A.E. van Vogt The Universe Maker (1953)
I suspect there may be a sort of physics of second hand books if A.E. van Vogt is anything to go by. Of the twenty or so van Vogt titles I now have on my shelves - all picked up from second hand places - the most memorable titles all seem to have appeared amongst the first ten or so that I came across. It could be that I've simply grown tired of his weird, inscrutable exercises in rambling surrealism, I suppose, although I prefer the theory that his better works are the ones which tended to sell well, and so eventually found their way to branches of Oxfam, Half Price or wherever in the greatest numbers; so when I now encounter a van Vogt title I've not read, the likelihood is that it will be one of the lesser works. That's my theory anyway.

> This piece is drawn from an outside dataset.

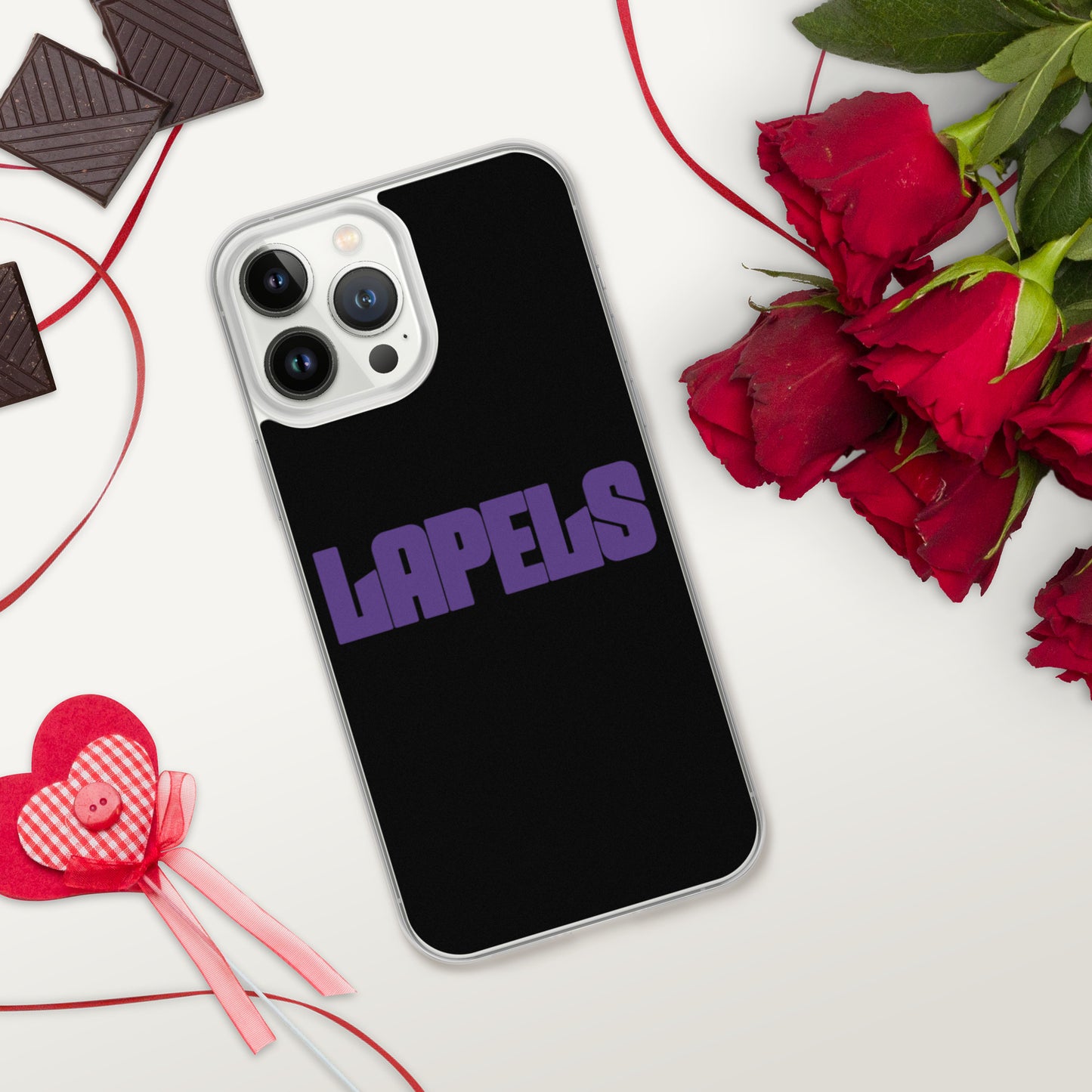 Lapels Black iPhone Case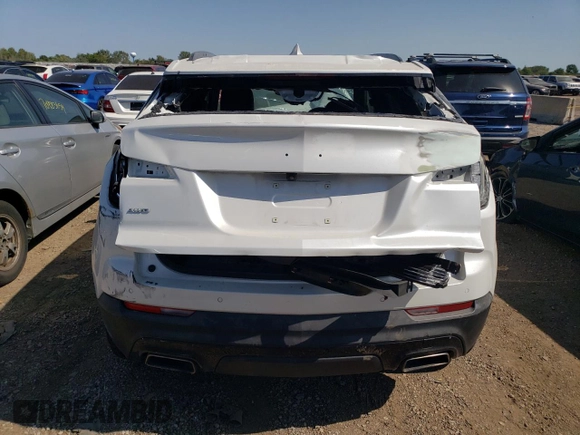 2023 Cadillac XT4 AWD Sport with VIN 1GYFZFR42PF171939, listed as a Copart auction lot 70484524 with 20,087 mi miles and Salvage Title. Bid and sale history available at carsss.com. Image 6.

The Universe Maker begins with the sort of dynamic thrust that promises something at least as good as The Mind Cage or The Weapon Makers, and our man is clearly on top form with his characteristically dense and hypnotically angular prose:
Peering out through the glass, Cargill had the initial impression that he was looking onto a well-kept park. The impression changed. For through the lattice work of the shrubbery he could see a street. It was the kind of street men dream about in moments of magical imagination. It wound through tall trees, among palms and fruit trees. It had shop windows fronting oddly shaped buildings that nestled among the greenery. Hidden lights spread a mellow brightness into the curves and corners. The afternoon had become quite dark and every window glowed as from some inner warmth. He had a tantalising vision of interiors that were different from anything he had ever seen.
All this came from only a glimpse as viewed through the lattice work of a rose arbour. Cargill drew back, trembling. He had had his first look at a city of hundreds of years in the future. It was an exhilarating experience.

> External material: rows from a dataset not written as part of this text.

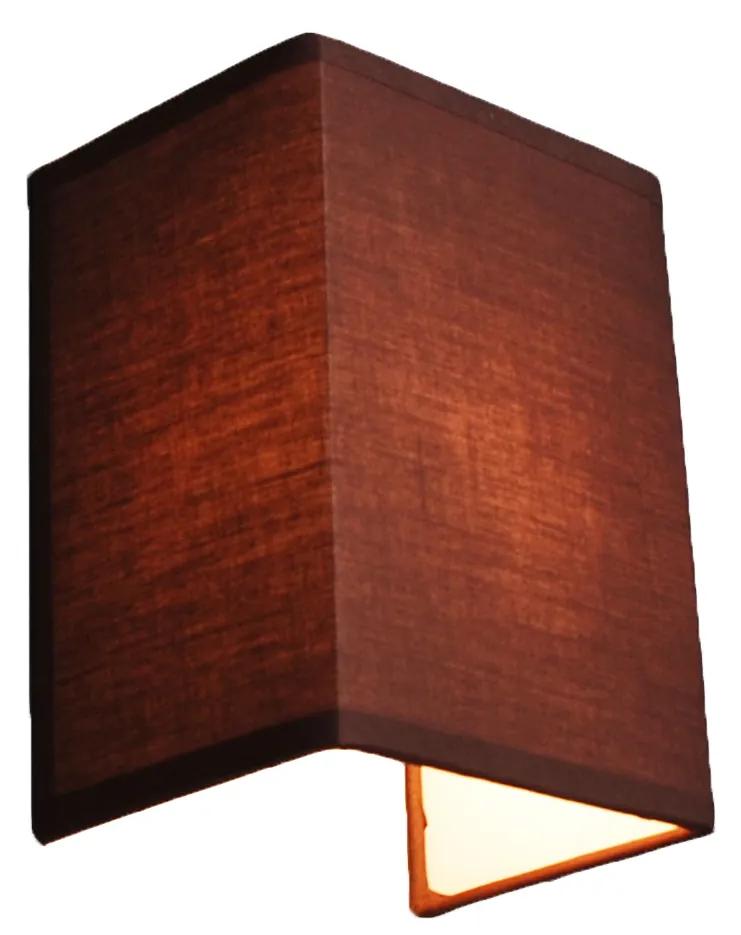 Stoffen Landelijke wandlamp bruin - Vete Modern E27 Binnenverlichting Lamp
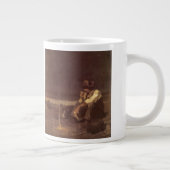 Westerne cowboys, Plains Herder by NC Wyeth Jumbo Beker (Rechts)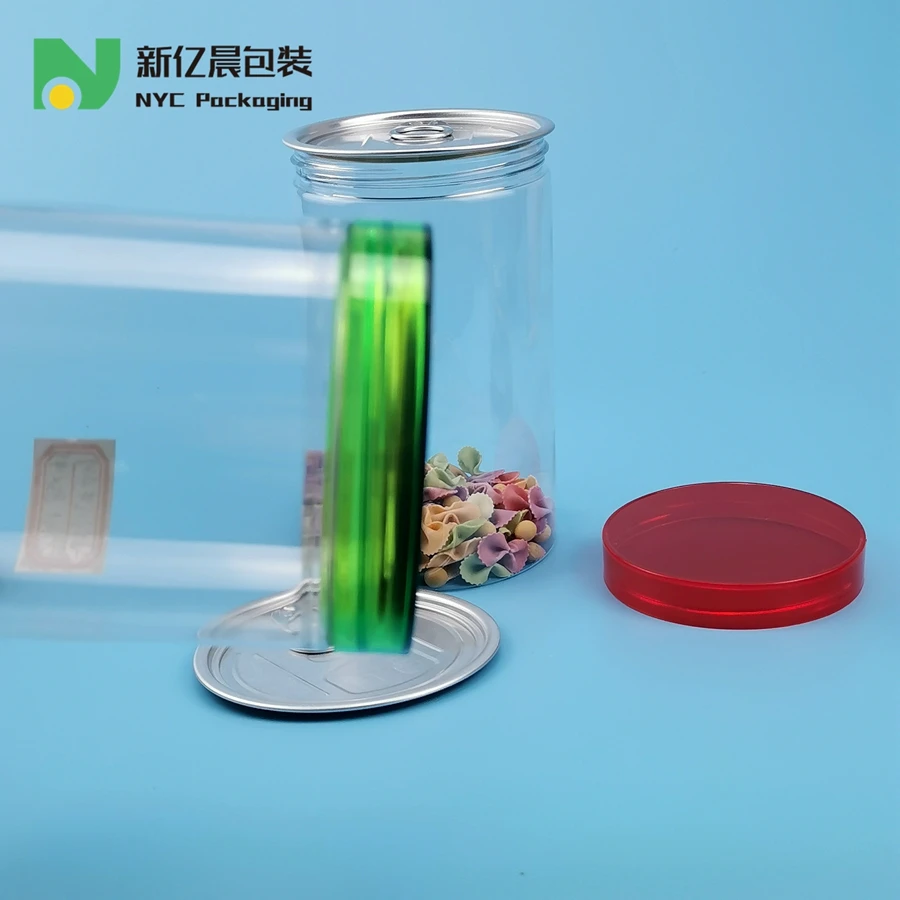 Hot sale plastic food container food grade air tight jar condiments canister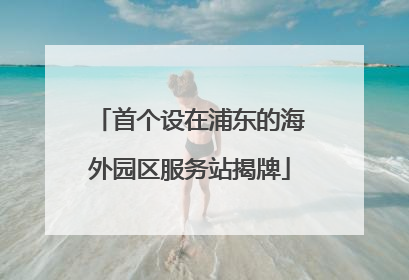 首个设在浦东的海外园区服务站揭牌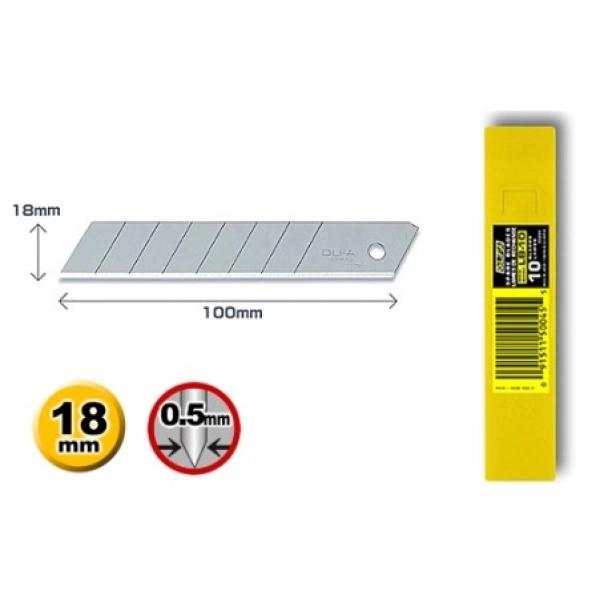 LB-10 OLFA RECANVI PER L-1 10fulles
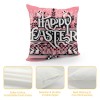 Ulloord Pink Happy Easter pillow Covers Black and White Buffalo Check Plaid Rabbit Bunny Easter Home Decor Throw pillow Cases Cute Animals Farmhouse Outdoor Sofa Couch Cushion Cover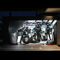 Op maat Een Shape Luxury Store LED Billboard Aluminium Fabric Textile Light Box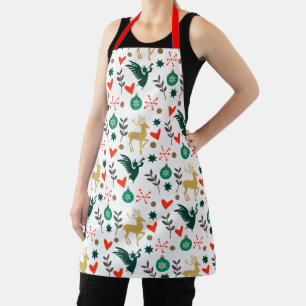 Happy Holidays Merry Christmas Fun Apron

Unfortunately it develops into a fairly bewildering experience as once again van Vogt spins a peculiar yarn which veers off in random directions, concentrating all the while on the direct subjective experience of the main character and so leaving certain crucial developments open to the reader's interpretation. It's a story told as though through just one half of a conversation, which unfortunately suffers from van Vogt's typically oblique narrative. Although given the subject, there probably wasn't any other way of telling it.
The story takes Morton Cargill, a war veteran, into his own remote future to be executed so as to heal a sort of inherited psychic wound inhabiting the descendent of a girl he accidentally killed in a car accident back during his lifetime, except he didn't actually kill her after all, and he himself becomes the future Shadow leader demanding his own execution; or something like that. The narrative also takes in a civil war between the ground and those who have chosen to live in the sky, and the Shadows from an even more distant future. Fuck knows what's going on.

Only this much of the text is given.